__Exercise__:
In the entries below, find the line with "Pluie de confettis" and the line with "Size: 3850x3850 |". Reproduce those two lines and every line between them exactly, and nothing more.

-- Data provided follows --

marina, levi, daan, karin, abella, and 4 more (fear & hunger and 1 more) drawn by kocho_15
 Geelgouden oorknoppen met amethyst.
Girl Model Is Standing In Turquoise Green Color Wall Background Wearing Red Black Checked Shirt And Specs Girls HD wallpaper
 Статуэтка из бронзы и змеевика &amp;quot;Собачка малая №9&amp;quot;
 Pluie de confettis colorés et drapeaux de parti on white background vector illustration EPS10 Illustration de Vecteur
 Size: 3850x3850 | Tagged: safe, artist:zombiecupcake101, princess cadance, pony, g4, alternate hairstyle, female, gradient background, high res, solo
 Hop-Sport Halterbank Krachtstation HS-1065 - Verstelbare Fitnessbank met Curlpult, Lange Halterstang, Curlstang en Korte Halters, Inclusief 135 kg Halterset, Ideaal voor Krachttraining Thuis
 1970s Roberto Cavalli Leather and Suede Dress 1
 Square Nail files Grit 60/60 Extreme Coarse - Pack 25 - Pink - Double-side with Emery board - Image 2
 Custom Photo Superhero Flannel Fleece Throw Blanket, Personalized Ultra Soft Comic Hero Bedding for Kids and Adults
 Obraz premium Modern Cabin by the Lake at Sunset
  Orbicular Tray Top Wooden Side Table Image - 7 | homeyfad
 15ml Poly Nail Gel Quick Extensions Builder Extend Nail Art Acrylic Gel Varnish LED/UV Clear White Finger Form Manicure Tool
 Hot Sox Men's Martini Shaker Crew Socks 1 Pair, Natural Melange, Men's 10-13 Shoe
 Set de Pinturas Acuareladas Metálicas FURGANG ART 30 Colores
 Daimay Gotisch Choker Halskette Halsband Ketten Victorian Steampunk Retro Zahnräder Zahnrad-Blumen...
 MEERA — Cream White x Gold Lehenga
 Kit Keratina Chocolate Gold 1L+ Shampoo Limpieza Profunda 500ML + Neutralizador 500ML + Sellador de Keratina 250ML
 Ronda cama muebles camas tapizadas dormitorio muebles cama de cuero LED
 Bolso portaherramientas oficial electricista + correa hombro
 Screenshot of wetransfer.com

-- Data provided concluded --

__Answer space__:
 Pluie de confettis colorés et drapeaux de parti on white background vector illustration EPS10 Illustration de Vecteur
 Size: 3850x3850 | Tagged: safe, artist:zombiecupcake101, princess cadance, pony, g4, alternate hairstyle, female, gradient background, high res, solo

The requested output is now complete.